1

I'm pretty new to python. I have about 21 JSON files to send with a POST request. Unfortunately the service a which I'm trying to send these files (Qualtrics) only accepts file size up to 5MB. With that said, I need to split these JSON files every 4.5 MB (just to be sure). This python script is part of a data stream, so if it failes, the next steps will not be executed.

So, what I have now and what my script do is:

  • From CSV convert to JSON
    • JSON format is [{"key1":"value","key2":"value",...},{...}]
  • Send a POST request with that JSON.
    • The script failes if file size is > 5MB.

I already tried to search for a solution but I wasn't lucky. I have been able to split CSV but since a 2MB CSV turns into a 5.5MB JSON I cannot be completely sure.

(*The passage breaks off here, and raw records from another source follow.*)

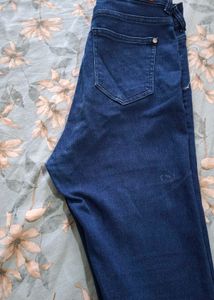 Classic High-Waisted Blue Jeans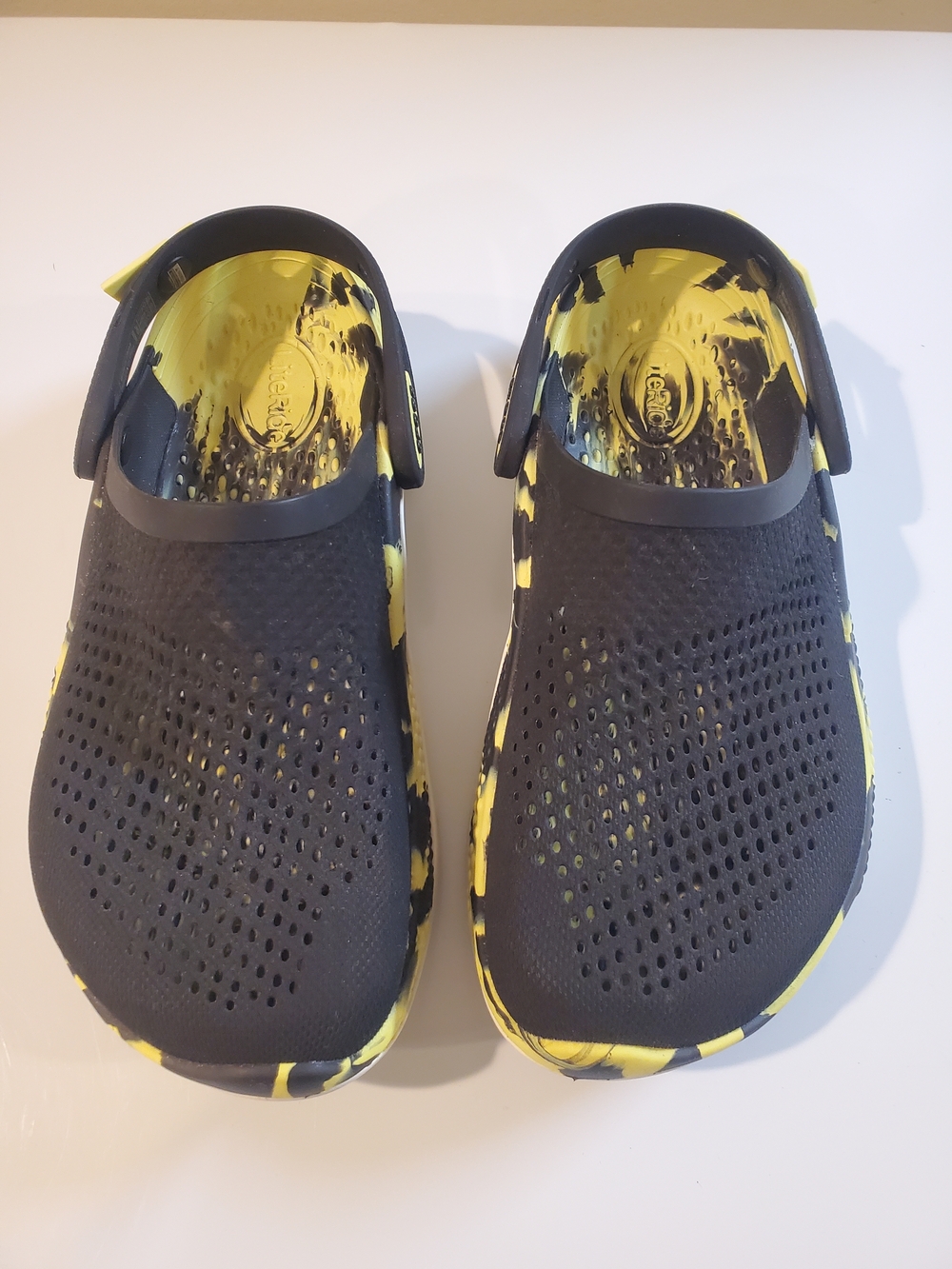 Crocs LiteRide 360 Clog
in the "Black Neon Yellow - Picture 2 of 11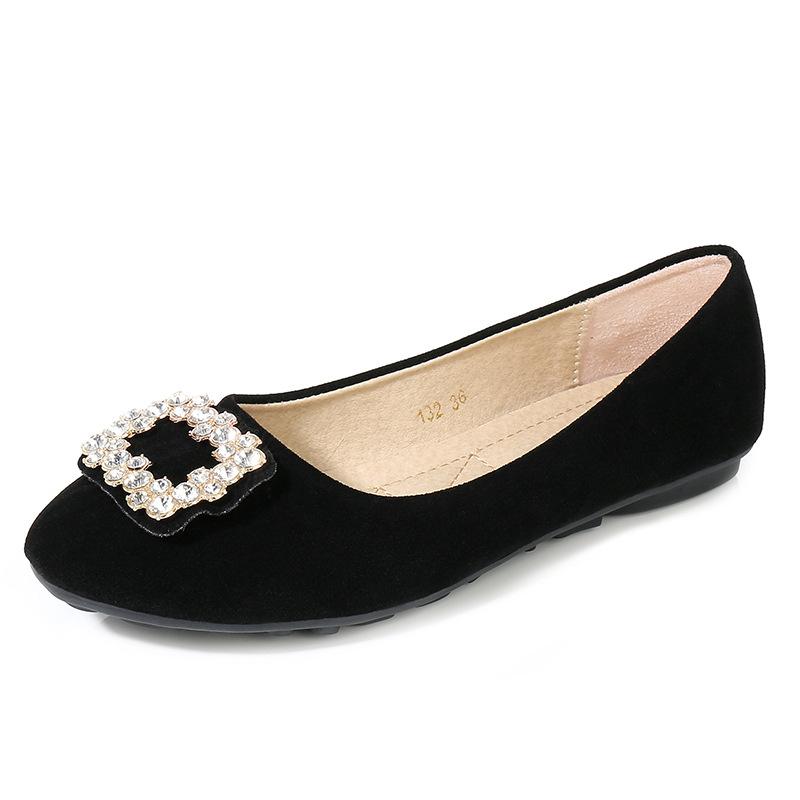 GOOSHOE Diamond Button Flat Shoes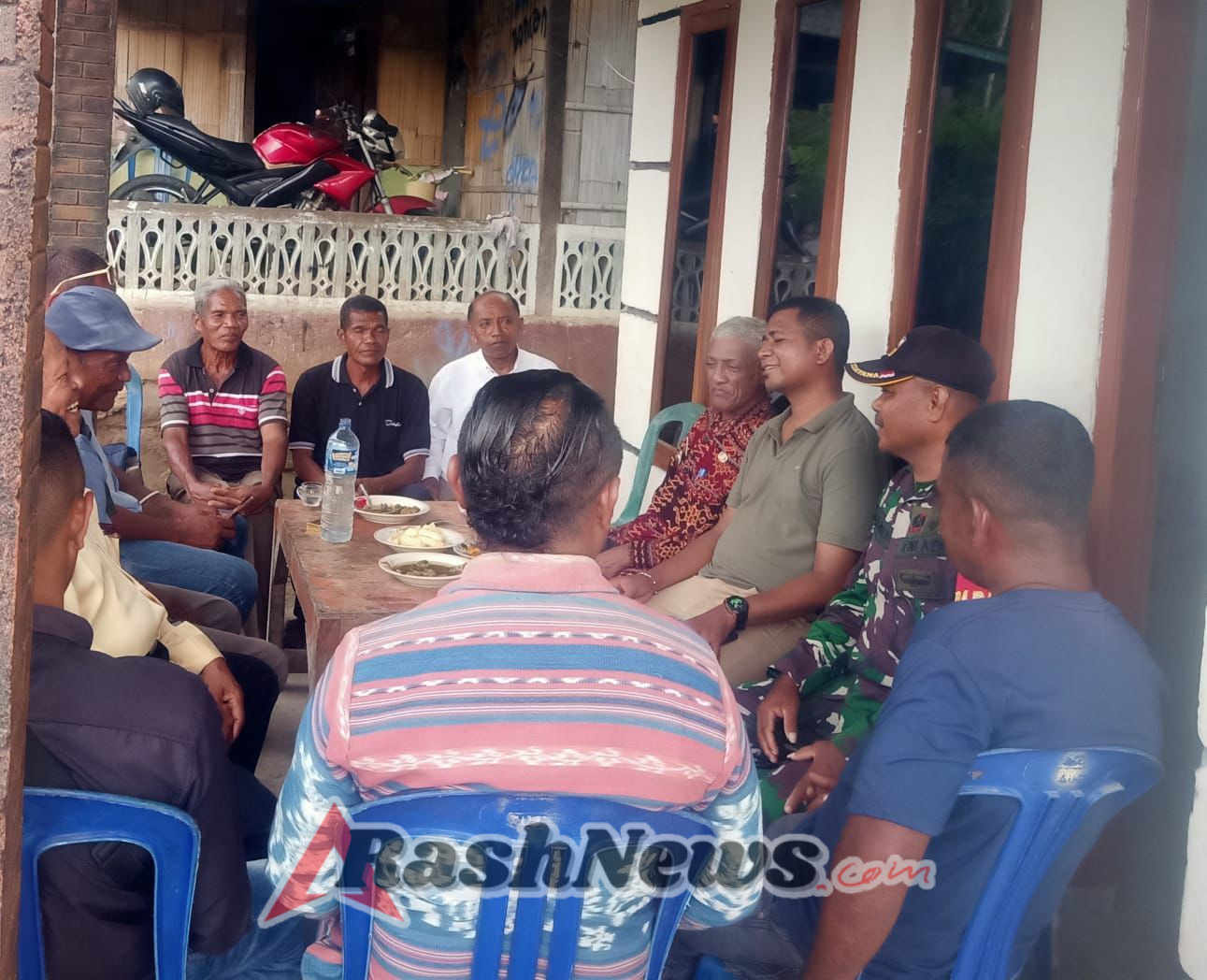 Komsos Babinsa Jadi Sarana Jaga Kondusivitas Wilayah Desa Watukobu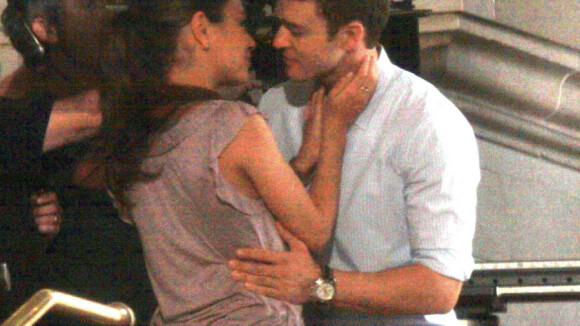 Justin Timberlake embrasse la pétillante Mila Kunis... et la demande en mariage !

Do you guys have any suggestion? Another thing that blocks me is that since i'm working on a linux server that is not mine, I haven't been grantend permission to install additional libraries and even if I ask for it I get a NO as a response...

Thank you very much.

Roxoradev
  • 863
  • 4
  • 13
  • should be able to use something like this to check the file size but you would have to figure out a way to create temp files while you check the size. https://stackoverflow.com/questions/2104080/how-to-check-file-size-in-python – janDro Dec 19 '18 at 14:06
  • Is each line in the file a correctly formatted JSON string? you might be better off just truncating each line of the file as you are reading it and send each POST individually. https://www.tutorialspoint.com/python/file_truncate.htm – janDro Dec 19 '18 at 14:09
  • @janDro It is a valid JSON but "minified". Everything in the first line. – Roxoradev Dec 19 '18 at 14:12
  • Ok so each file contains exactly one minified JSON string? Does Qualtrics provide other API endpoints where you could split up the JSON into smaller domains? If we split the JSON just based on size then you run the risk of sending invalid JSON to the API right? – janDro Dec 19 '18 at 14:20

1 Answers1

0

Assuming that your JSON is an array of objects like this:

[
   {"key1: "value1", "key2: "value2", ....},
   ...
   {"key1: "value1", "key2: "value2", ....}
]

Then you could build your payload manually like this:

def send_entries(entries):
   payload = '[' + ','.join(entries) + ']'
   send_entries(payload)

json_entries = []
total_size = 0

for line in csv:
    json_entry = converto_to_json(line)
    json_entries.append(json_entry)
    total_size += len(json_entry)
    if total_size >= 4_500_000:
        send_entries(json_entries)
        total_size = 0
        json_entries = []

if json_entries:
    send_entries(json_entries)

The actual size of the payload might be a bit larger than the 4.5Mb, but as long as each entry in your CSV is less than 500Kb you should be fine.

Cesar Canassa
  • 18,659
  • 11
  • 66
  • 69